The Jubilee often draws national attention, and this year was no exception. On Sunday morning, former senator Hillary Clinton was awarded the International Unity Award at the Martin Luther King and Coretta Scott King Unity Breakfast and inducted into the Women’s Suffrage Hall of Fame. The well-attended, nationally broadcast breakfast—at $75 a plate—gave Clinton the platform to talk about voter suppression and a “crisis in democracy.” There were also talks given by presidential contenders Sen. Cory Booker and Sen. Bernie Sanders, as well as Rev. Jesse Jackson and Ohio Sen. Sherrod Brown.

The Bridge Crossing Jubilee can more than double the city’s population of 19,000. Activities celebrate African American culture with R&B, gospel, blues, and hip hop music. This year’s theme, “Lift Every Vote in 2020,” focused on voting rights and voting suppression, as well as recognizing the work of Black Lives Matter, the Poor People’s Campaign, and a call for reparations for slavery.

Rev. Joe and Joyce Ellwanger from Milwaukee attend every year, driving more than 800 miles to Selma, where they were part of the civil rights movement. “The peaceful work for justice by Dr. King and how it was lived out in Selma, Birmingham, and across the country still sustains us,” Joyce said.

A busload of students from community colleges in North Carolina attended for the first time. Students had to write an essay about why they wanted to participate, and why it was important for a new generation to learn the stories of the movement, said Kenneth Hines, a staff member staff member of Isothermal Community College in Spindale, North Carolina.

The weekend concluded with the re-enactment of the march over the Edmund Pettus Bridge, starting at Brown Chapel AME Church, where mass meetings were held. Thunder, lightening, torrential rain, and even a tornado siren (tornadoes hit two hours east of Selma in Lee County Sunday afternoon) gave way as the time for the march began. Linking arms, the marchers sang songs of the movement beginning with, “Aint’ Gonna Let Nobody Turn Me Around.”

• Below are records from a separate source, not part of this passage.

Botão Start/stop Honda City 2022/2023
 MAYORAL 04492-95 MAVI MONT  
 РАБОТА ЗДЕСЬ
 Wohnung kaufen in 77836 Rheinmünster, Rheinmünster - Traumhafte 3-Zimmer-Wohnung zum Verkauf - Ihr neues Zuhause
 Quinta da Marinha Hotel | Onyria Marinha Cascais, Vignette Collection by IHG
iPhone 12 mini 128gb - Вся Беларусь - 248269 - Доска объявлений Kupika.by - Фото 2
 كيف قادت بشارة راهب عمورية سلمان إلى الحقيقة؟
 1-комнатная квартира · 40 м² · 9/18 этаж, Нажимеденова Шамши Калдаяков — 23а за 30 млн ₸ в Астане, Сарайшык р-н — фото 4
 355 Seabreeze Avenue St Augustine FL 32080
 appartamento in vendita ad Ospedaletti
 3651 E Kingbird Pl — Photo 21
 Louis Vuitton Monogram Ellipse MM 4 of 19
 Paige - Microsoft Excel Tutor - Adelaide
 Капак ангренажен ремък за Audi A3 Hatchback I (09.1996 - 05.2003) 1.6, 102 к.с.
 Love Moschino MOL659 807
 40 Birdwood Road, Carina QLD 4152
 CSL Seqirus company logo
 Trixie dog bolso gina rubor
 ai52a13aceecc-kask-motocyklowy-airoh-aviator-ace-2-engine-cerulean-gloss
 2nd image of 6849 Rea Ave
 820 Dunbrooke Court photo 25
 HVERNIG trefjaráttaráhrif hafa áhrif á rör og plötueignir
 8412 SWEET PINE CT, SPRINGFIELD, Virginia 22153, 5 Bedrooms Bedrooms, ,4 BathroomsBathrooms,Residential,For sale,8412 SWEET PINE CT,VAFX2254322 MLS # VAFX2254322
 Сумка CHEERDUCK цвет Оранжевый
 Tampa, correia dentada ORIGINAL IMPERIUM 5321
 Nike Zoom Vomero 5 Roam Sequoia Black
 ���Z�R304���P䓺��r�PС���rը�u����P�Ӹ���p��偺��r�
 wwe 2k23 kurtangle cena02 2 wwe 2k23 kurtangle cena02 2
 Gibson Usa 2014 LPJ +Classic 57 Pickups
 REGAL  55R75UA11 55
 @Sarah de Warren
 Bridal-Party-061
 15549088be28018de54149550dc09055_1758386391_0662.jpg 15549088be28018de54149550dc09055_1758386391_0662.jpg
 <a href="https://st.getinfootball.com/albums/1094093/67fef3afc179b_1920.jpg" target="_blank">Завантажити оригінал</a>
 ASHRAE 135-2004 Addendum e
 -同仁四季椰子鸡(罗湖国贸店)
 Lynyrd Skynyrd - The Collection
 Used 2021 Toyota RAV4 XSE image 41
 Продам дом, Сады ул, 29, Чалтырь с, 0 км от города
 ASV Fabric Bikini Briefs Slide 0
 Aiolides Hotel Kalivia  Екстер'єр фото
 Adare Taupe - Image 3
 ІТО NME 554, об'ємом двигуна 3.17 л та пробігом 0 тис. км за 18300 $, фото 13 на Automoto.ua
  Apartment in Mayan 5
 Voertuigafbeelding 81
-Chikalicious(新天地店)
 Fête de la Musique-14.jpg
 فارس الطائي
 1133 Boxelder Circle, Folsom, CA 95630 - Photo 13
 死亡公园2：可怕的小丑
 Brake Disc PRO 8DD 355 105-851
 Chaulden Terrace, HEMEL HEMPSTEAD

The solemn march of solidarity, attended by people of all races and ages, gives a sense of the courage and commitment of the foot soldiers, described as “ordinary people who did extraordinary things.”

It’s also a time to reflect on Selma’s schismatic history, noted on billboards as “from the Civil War to Civil Rights and Beyond.” From the bridge, you see the banks of the Alabama River where barges brought the cotton from nearby plantations, and the warehouses where slaves were sold.

You can also see the footprint of the Selma Ordnance and Naval Foundry, the second-largest munitions factory of the Confederacy. In fact, the 1940 bridge is named for Edmund Pettus, a brigadier general of the Confederacy, senator from Alabama from 1897 to 1907, and reportedly a grand dragon of the Ku Klux Klan.

Today, Selma is led by an African-American mayor and integrated city council, and is represented in Congress by Rep. Terri Sewell, a native of Selma who was the first African-American congresswoman elected in Alabama (in 2010). It is home to black college presidents, police officers, fire chief, business owners, lawyers, doctors, state and national representatives, Dallas County probate judge, district attorney, circuit judges, and city school superintendent. Even the Rotary president is an African-American.

Octavia McBride, a high school student in Selma in 1965, returns to the bridge every March to remember, reflect, and rejoice. “We have a ways to go,” says the career teacher, “But I’m so glad we didn’t let anyone turn us around.”